Wellness Matters
  Matters of Wellness: Mind, Body, Spirit


June 28, 2025

Conquering Self Delusion



In his timeless poem of hope and encouragement, Desiderata, Max Ehrman acknowledges,

"Exercise caution in your business affairs; for the world is full of trickery. But let this not blind you to what virtue there is; many persons strive for high ideals; and everywhere life is full of heroism".

Sadly, it is true, that the world is full of trickery and deceit, much of it masquerading as kindness, benevolence, and nobility, or spiritual and religious authority. Still, countless examples of human decency, actual nobility, and heroism, and great spiritual insight, amidst it all, are easy to find.

Wisdom, however, as opposed to childish naivete, would dictate awareness, caution, and acknowledgment of the reality of evil exploitation and its motivations among us and the care that is required to guard against deception and self-delusion.

While I believe it to be true, that we come to this earth with spirits endowed with primordial sensitivities to truth, harmony, causality (causal relationships), and congruency (non-contradiction) and their opposites, it is also true that such awarenesses are almost immediately and constantly assaulted with obfuscations that distract us from our inherent perceptiveness while it is undermined and displaced under social pressure to believe what is socially convenient to believe in the pursuit of acceptance, approval, and economic and social support.

In 1970, the talented cartoonist, Walt Kelly, created an Earth Day poster featuring his character, Pogo the possum, declaring, amidst a field of rubbish, "We have met the enemy, and he is us." This was a recognizable parody of Master Commandant Oliver Perry's letter to Major General William Harry Harrison in 1812, advising of the defeat of the British Navy in the Battle of Lake Erie, "We have met the enemy, and they are ours".

As it turns out, most of the rubbish found in our collective and individual consciousness has been selectively placed there by ourselves in open defiance of the primordial capacity for perception and reasoning we have been endowed with upon our creation, in a rush to find social acceptance through social conformity.

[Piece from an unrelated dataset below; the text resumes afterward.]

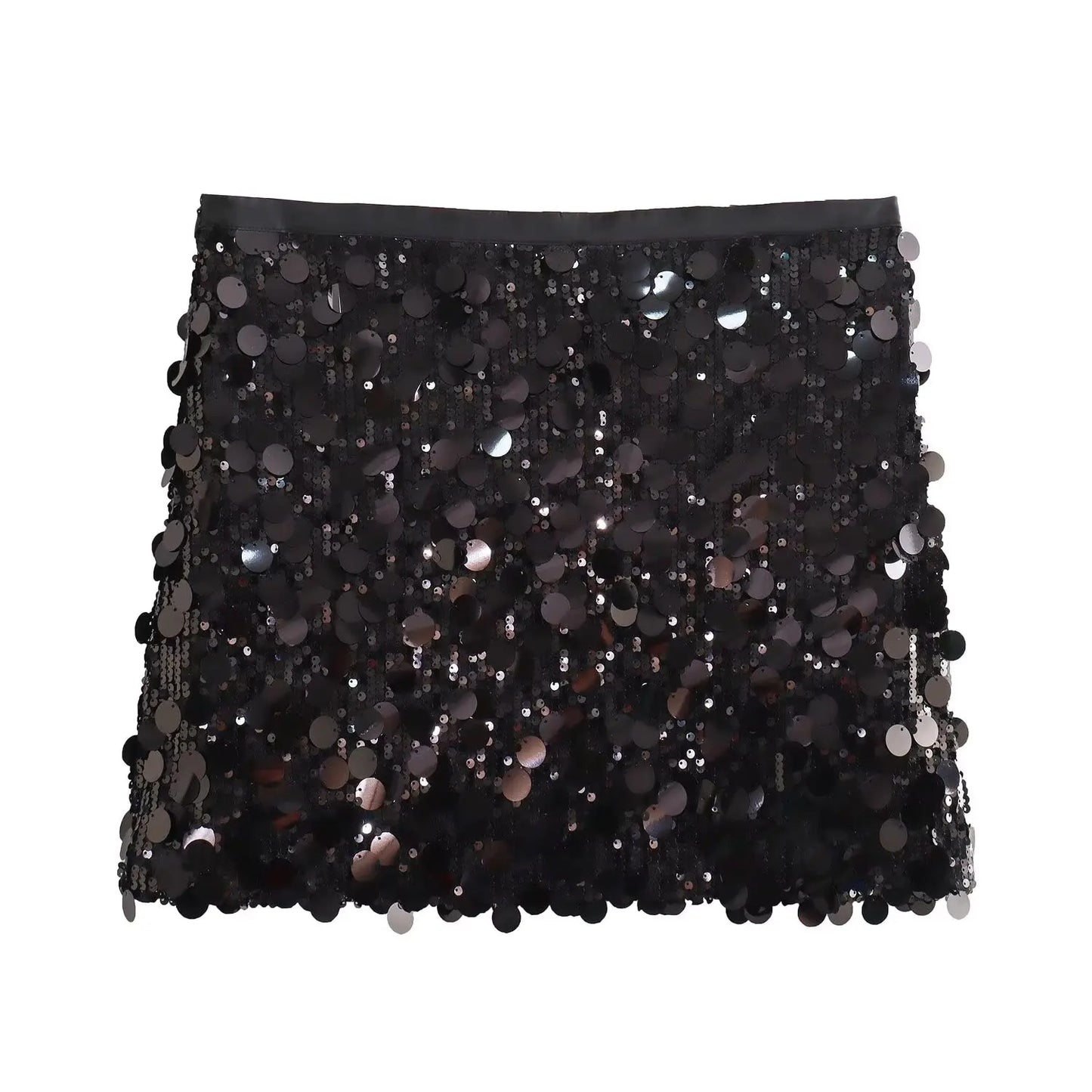 Women Spring Autumn Chic Mini Skirts Fashion With Sequined Solid Side Zipper Short Skirt Female Vintage High Waist Skirt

Sadly, we learn that we are judged worthy of the social support of our fellows, by the social conformity of our adopted conclusions, and so, confirmation bias (selective processing of evidence with a forgone conclusion in mind) becomes our self-imposed intellectual handicap. It is driven by the egotistical and economic need for approval, respect, deference, social acceptance, and sometimes, tragically, the need to maintain false hope that keeps us climbing the wrong ladder, or to support transient feelings of artificial well-being with dangerously short shelf lives that are a counterfeit substitute for the abiding peace found in actual clarity of mind and spirit and equilibrium with the universe.

Our "deceivers", being well aware of and well informed of this human propensity, capitalize on it with enticing sugar-coated misinformation and obfuscation, that facilitates the exploitation of the energy driven by our egos (cash, votes, volunteer labor, false hope, other "charitable" contributions, and our own participation in further perpetuation of obfuscation and misinformation for self-justification) in a rush for acceptance and inclusion.

Make no mistake, calculated misinformation is constantly pushed on us by others at every level of society. Sometimes by those who know they are lying, other times by the deceived who sincerely believe the falsehoods they are spreading. But, it is our own defiance of our own capacities for reasoning and vetting that has us accepting it under social pressure and self-delusion. The poison in the cup is usually placed there by someone else, but the choice to drink it blindly with eyes wide shut is still our own.

The moment of clarity with which Rene' Descartes realized such folly in his own psyche inspired his Meditations on First Philosophy. In the first meditation, Descartes reflects on the many false beliefs he has accepted throughout his life. Then he commits to establish a solid foundation for knowledge by systematically doubting everything he thinks he knows while seeking to overhaul his system of vetting information. The famous atheist philosopher, Ayn Rand, has prescribed just such an intellectual overhaul and antidote to self-delusion in the form of highly disciplined epistemology which she delineates in her book, Introduction to Objectivist Epistemology. Eastern sages, including Buddha cut to the very root of the problem of self-delusion found in ego-attachment. Non-attachment, accomplished through meditation, is their prescribed solution.

I have studied all of the above. I highly recommend all of the above. But the surest path to clarity and abiding peace, I have found, is in the prescription of the Eastern sages, and I know I would be better off today, and a better companion for anyone who dares tolerate my presence, if I followed that prescription more diligently.

When one strives to commune with universal consciousness, ego must be left at the door. That requirement alone, forces upon us a cleansing that can be accomplished in no other way. The more comfortable we become without our ego in the room, the better off we are in every other way, including mental and spiritual clarity and equilibrium. When that equilibrium is achieved, or even approached, everything is enhanced, including our physical well-being and prospects for every other success worth having, while our clarity on why certain successes are not worth the price is also invaluable.